China's Industrial Transformation and Growth Drivers

Key Insight

China's industrialization began in the early 1980s, leveraging 'deep' historical advantages such as a large, relatively well-educated population and established traditions of manufacturing and commerce, which had led to its pre-nineteenth-century eminence. These internal strengths were significantly bolstered by 'lucky circumstances'. These included having successful export-driven neighbors like Taiwan, South Korea, and Japan, which provided a development template; Hong Kong served as an immediate world-class port and trading hub, offering access to global trade routes and modern legal/financial infrastructure. Furthermore, China opened to trade precisely when the shipping container, invented in the 1950s, dramatically reduced shipping costs, enabling global production chains. A 'killer app' emerged in the late 1990s as Taiwan's sophisticated electronics industry moved en masse to China, rapidly establishing a world-class manufacturing base.

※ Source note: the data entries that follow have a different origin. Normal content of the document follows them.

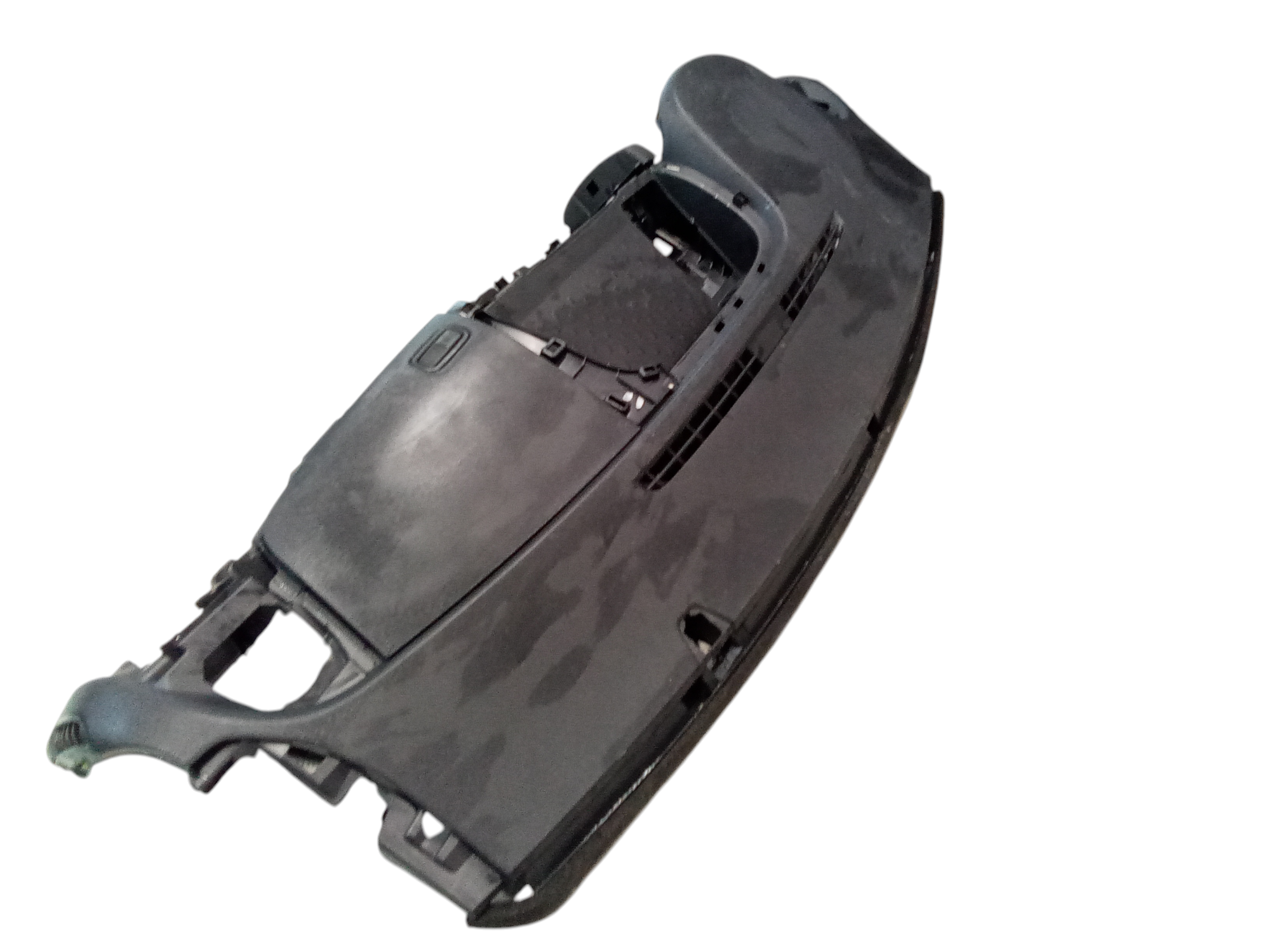 Cruscotto nudo per Opel Vivaro Serie (14>) (2014 - In produzione)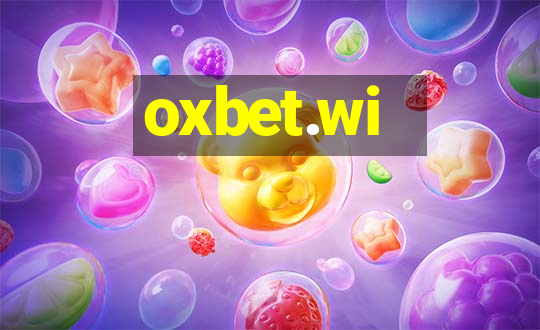 oxbet.wi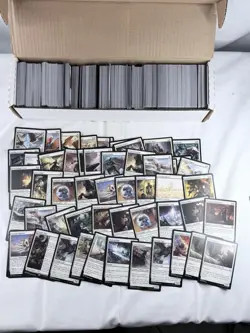 Magic The Gathering MTG 1000+ Bulk Cards Collection Lot | Near Mint/NM - Image 3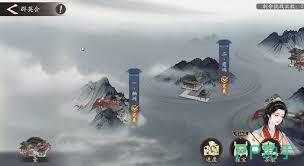 三国望神州里的仙人探宝玩法具体是怎样的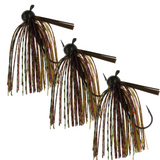 Reaction Tackle Football Jigs 3-Pack - Reaction Tackle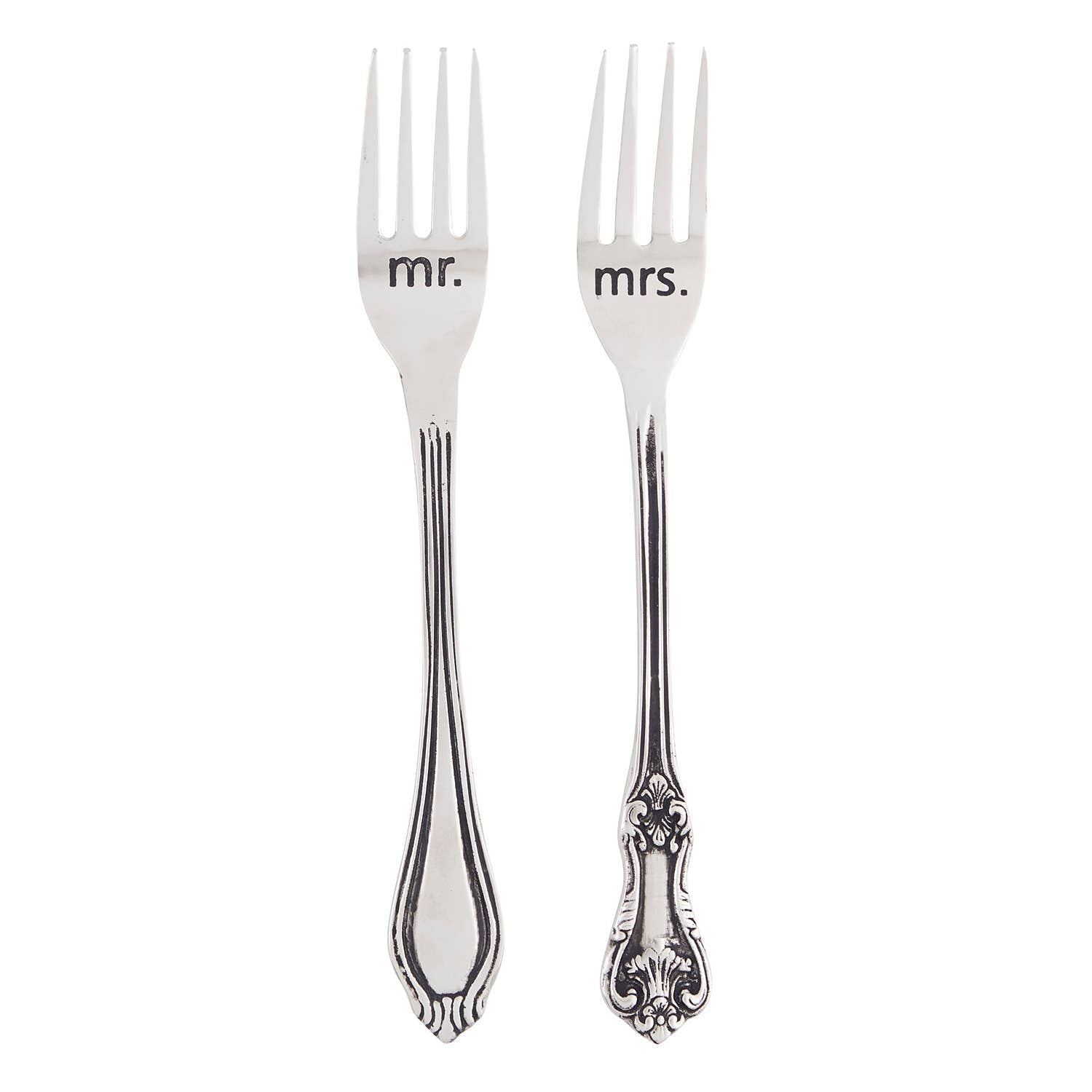 Wedding Fork Set - Nifty Decor & More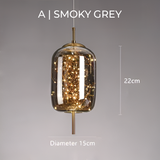 Essence Pendant – Glas dat betovert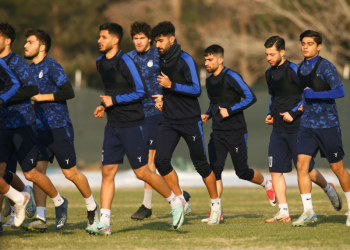 فلسفه عجیب استقلال در تعطیلی تمرینات!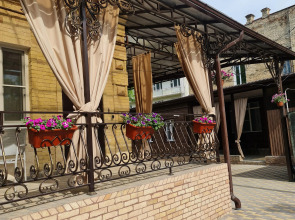 Апартаменты Центр Курорта 1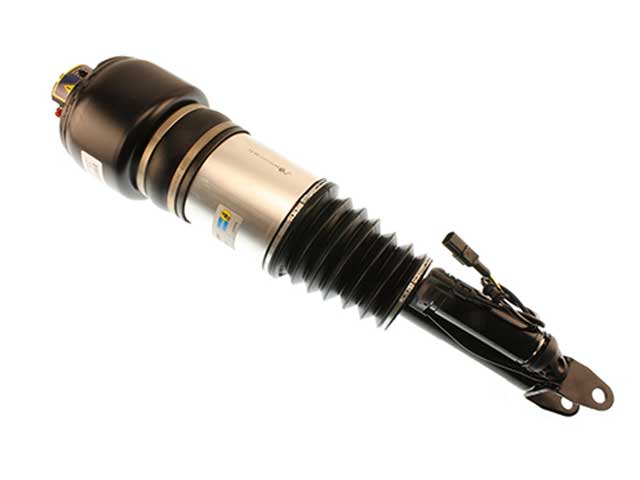 Shock Absorber (Hydropneumatic Spring Leg) - Front - Bilstein B4 (2113205438)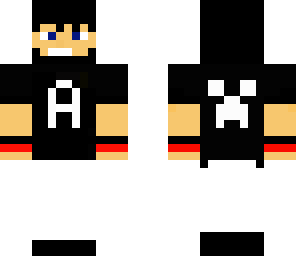 cool skin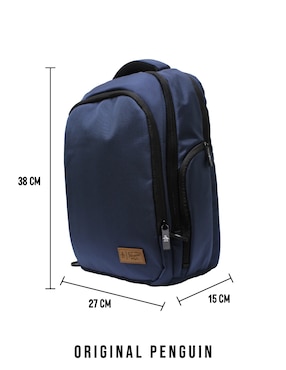 Mochila casual Original Penguin unisex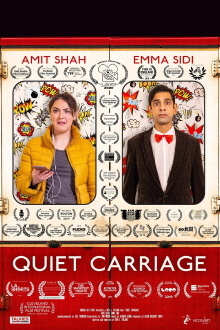 Quiet Carriage Trailer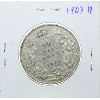Image 1 : 1903 CANADA SILVER HALF DOLLAR 50 CENTS COIN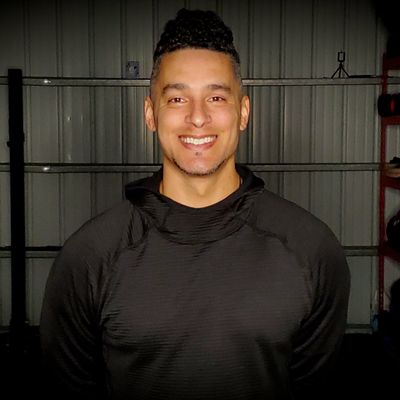 Avatar for Movement Over Medicine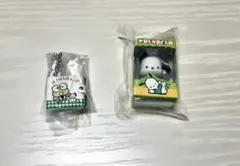 サンリオ チョコボックス ポチャッコ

Chinese policymakers, through deliberate 'good policy', maximized these opportunities. A key orientation was 'reform and opening' (gaige kaifang), recognizing that domestic economic reform required increasing openness to trade and investment. This led to policies like the establishment of Special Economic Zones (SEZs) in the early 1980s and joining the WTO in 2001, all designed to maximize opportunities for exporters. The second major policy focus was robust infrastructure development, including ports, roads, power plants, and telecommunications networks along China's coastline. This confluence of factors resulted in a unique, and probably unrepeatable, combination by the early 2000s: low, developing-country labor costs paired with good, almost-rich-country infrastructure, creating an irresistible platform for export-oriented manufacturing. A later infrastructure drive in the interior helped integrate the internal market.

The industrial policy evolved through different phases. Deng Xiaoping's initial policy shifted from capital-intensive heavy industry to labor-intensive light industry, focusing on light industrial exports for foreign exchange, establishing SEZs, implementing price reforms, and increasing tolerance for private enterprises. This led to impressive results: between 1978 and 1990, consumer goods with market-set prices rose from zero to 70 percent, industrial output increased sixfold, SOE share fell from 78 percent to 54 percent, and annual exports sextupled from US$10 billion to US$62 billion. The economy grew at an average annual rate of 10 percent from 1979-1988. Under Jiang Zemin and Zhu Rongji in the 1990s, reforms accelerated, emphasizing attracting foreign investment and building export industries; FDI surged to $45 billion in 1997, and exports quadrupled from $62 billion to $266 billion between 1990 and 2001. During Hu Jintao's administration (2003-2012), industrial policy adopted a more statist approach, prioritizing large infrastructure projects, strengthening SOEs, and slowing market reforms, though exports still grew sixfold from $266 billion to $1.4 trillion between 2001 and 2008 due to favorable external conditions like WTO entry and global demand surges.